But that’s OK. Everybody does. Ever since “The Event.”

And in “a world where the dead walk among the living,” there are rules. “They can’t alter their imagery…They can’t affect our natural world.”

That’s what the experts tell us. But why is there “a panic room in every house” if the dead can’t hurt us? If they can’t “affect our natural world,” why does a ghost, a “remnant,” keep showing up in Veronica’s shower, writing “RUN” on her bathroom mirror?

Aside from the fact Veronica is played by Bella Thorne, I mean?

“I Still See You” is a middling mystery thriller in which the supernatural is explained and over-explained by long bursts of exposition, “rules” and scientific gobbledygoop delivered by the smartest science teacher in Jewel City, Illinois (Dermot Mulroney), as well as a science nerd who’s been paying attention in class, and the obsessive “James Dean type,” the brooding and quiet Kirk Lane (Richard Harmon).

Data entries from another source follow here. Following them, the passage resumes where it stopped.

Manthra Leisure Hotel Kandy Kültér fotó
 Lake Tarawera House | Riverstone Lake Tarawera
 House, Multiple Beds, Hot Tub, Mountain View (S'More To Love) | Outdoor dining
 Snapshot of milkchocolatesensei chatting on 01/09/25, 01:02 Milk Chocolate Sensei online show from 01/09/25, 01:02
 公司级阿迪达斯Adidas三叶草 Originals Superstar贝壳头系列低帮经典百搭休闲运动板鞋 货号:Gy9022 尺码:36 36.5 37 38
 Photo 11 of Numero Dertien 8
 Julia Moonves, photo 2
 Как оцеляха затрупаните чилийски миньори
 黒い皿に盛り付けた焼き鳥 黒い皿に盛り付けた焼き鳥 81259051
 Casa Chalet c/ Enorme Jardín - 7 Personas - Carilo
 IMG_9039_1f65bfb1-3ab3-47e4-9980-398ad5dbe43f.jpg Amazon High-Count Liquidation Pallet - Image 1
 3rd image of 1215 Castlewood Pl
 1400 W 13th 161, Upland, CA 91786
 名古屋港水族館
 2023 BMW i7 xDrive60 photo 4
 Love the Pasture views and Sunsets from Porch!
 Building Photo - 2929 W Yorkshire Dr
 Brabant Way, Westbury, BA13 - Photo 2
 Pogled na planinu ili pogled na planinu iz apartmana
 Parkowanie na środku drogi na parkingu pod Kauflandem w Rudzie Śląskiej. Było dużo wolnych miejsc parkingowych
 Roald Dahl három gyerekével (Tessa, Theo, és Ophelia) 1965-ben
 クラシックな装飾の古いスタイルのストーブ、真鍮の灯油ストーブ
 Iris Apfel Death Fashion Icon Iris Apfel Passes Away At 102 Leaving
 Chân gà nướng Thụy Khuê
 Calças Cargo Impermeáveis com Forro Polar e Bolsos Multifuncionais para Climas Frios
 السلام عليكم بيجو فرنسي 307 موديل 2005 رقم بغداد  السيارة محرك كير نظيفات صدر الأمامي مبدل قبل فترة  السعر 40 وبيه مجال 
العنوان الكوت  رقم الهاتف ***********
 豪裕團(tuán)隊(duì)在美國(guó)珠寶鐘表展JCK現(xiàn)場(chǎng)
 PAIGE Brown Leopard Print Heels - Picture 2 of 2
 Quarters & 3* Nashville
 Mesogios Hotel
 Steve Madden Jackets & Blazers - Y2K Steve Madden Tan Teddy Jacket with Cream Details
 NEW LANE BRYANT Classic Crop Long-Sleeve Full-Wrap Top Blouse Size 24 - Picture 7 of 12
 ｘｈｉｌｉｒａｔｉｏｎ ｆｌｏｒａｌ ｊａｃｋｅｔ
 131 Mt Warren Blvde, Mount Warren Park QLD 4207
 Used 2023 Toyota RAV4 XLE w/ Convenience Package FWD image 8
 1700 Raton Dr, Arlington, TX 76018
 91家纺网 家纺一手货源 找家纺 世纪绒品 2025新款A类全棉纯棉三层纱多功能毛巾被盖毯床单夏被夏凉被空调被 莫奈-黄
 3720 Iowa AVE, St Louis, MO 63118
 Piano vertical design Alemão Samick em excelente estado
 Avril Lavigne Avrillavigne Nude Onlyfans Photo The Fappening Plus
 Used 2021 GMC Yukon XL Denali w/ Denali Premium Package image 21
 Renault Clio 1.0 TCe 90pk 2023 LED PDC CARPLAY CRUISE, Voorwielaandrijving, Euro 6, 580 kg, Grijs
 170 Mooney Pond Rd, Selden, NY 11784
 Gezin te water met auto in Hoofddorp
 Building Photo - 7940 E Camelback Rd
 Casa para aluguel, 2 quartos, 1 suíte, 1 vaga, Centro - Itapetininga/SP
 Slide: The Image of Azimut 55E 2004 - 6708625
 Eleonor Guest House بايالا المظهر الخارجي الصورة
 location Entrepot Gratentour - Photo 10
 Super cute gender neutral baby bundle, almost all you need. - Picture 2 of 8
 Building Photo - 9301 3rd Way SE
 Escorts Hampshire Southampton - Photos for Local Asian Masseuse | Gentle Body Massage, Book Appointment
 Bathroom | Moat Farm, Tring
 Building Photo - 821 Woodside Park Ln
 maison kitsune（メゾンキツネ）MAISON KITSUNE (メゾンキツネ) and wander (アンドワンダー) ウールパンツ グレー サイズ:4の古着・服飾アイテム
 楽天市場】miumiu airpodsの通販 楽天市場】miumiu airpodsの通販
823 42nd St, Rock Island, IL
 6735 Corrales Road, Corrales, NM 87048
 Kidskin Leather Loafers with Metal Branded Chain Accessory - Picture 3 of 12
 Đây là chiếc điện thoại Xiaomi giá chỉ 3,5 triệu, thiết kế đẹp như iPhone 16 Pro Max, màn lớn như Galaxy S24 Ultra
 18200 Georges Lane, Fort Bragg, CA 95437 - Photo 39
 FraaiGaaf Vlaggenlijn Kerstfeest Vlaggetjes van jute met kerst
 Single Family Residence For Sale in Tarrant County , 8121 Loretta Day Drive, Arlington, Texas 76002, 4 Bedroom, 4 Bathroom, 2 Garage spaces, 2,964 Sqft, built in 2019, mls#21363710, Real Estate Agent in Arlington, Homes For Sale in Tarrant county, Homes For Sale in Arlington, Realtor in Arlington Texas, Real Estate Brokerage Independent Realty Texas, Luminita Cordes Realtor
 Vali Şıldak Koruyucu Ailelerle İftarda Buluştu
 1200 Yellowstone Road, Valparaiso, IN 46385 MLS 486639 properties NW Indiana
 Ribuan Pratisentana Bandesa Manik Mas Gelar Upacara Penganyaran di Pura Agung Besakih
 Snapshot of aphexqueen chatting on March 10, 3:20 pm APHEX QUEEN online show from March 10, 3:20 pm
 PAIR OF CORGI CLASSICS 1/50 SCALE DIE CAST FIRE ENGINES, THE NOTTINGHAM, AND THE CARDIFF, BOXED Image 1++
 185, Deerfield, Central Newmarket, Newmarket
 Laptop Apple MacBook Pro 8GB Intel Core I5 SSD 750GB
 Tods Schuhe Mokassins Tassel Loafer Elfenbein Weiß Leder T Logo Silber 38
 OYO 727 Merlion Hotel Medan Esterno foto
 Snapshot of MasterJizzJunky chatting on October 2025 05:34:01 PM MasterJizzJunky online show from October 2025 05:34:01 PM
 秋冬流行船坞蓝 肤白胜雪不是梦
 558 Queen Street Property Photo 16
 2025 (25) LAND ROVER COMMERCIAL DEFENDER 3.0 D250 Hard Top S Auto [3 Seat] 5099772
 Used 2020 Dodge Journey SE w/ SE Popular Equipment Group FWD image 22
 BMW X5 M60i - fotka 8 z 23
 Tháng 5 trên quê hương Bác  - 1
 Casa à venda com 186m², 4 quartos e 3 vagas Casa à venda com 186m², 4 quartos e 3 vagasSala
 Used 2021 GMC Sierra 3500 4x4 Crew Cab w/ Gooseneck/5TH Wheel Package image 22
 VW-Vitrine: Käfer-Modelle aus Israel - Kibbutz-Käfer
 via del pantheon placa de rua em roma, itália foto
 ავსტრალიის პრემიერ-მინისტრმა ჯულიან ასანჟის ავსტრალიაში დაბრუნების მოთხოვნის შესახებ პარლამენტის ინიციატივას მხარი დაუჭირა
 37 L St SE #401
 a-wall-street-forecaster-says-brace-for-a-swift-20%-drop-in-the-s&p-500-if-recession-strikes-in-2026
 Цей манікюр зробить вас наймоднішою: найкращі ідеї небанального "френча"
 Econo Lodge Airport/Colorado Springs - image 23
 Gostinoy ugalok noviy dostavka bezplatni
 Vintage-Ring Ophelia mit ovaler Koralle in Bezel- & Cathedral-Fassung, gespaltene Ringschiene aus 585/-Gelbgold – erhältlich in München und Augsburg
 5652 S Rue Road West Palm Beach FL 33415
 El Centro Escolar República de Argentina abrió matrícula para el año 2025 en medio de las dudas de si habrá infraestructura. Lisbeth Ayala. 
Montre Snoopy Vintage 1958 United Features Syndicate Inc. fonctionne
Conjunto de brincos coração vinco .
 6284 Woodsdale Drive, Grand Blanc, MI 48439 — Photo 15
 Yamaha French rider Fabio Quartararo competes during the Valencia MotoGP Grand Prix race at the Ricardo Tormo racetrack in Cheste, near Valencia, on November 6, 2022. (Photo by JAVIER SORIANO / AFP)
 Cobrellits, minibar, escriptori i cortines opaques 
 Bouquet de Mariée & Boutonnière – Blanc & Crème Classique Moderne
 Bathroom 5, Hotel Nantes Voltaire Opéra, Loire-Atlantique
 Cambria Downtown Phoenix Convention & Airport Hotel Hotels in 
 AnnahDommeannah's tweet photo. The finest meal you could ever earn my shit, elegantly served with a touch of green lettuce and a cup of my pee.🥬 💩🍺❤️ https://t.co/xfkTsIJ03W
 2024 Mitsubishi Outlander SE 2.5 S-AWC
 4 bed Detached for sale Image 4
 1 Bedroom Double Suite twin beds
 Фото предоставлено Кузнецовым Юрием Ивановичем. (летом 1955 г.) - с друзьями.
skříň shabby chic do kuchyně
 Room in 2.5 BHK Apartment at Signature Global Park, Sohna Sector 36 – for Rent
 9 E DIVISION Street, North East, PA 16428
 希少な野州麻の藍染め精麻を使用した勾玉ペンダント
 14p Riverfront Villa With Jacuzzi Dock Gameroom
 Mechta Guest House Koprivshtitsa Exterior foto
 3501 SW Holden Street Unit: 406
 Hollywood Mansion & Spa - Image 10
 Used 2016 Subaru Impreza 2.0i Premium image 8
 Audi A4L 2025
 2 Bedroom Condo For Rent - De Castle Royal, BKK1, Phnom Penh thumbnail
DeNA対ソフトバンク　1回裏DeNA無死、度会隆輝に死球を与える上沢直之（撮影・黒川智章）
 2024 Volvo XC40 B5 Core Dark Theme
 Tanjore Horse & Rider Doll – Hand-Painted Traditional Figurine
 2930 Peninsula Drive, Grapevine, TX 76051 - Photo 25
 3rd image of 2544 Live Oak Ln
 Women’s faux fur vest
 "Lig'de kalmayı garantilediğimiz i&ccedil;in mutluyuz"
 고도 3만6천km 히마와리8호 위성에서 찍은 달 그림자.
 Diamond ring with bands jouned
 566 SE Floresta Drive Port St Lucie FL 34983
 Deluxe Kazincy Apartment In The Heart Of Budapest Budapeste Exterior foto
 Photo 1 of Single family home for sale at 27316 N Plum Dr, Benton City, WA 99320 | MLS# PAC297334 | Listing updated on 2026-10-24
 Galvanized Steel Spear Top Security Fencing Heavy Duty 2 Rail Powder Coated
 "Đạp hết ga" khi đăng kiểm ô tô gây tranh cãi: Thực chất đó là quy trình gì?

Guess which one Ronnie believes?

Ten years after “The Event,” life goes on in much of the country. “Ground Zero” was Chicago, now a “No Go Zone.” But in Jewel City, people like Veronica stare at dead people — like her dad, sitting, sipping ghostly coffee and reading the newspaper at breakfast every day — then vanishing in a puff of ashy smoke.

It’s a morbid, bittersweet existence, not helped when a long-dead woman pops up in science class, or an old man goes through the motions of leaf-blowing his lawn even though its covered in snow. At first, they thought it was just people killed in “The Event.” Now, Veronica and others are becoming “truthers,” like Kirk. They don’t know what to buy into. The “remnants” seem to be growing in number.

Ronnie is being stalked by this underwear model with murder in his eyes every day in the shower gets her attention. Who is he, why is he in her bathroom and does he mean her harm?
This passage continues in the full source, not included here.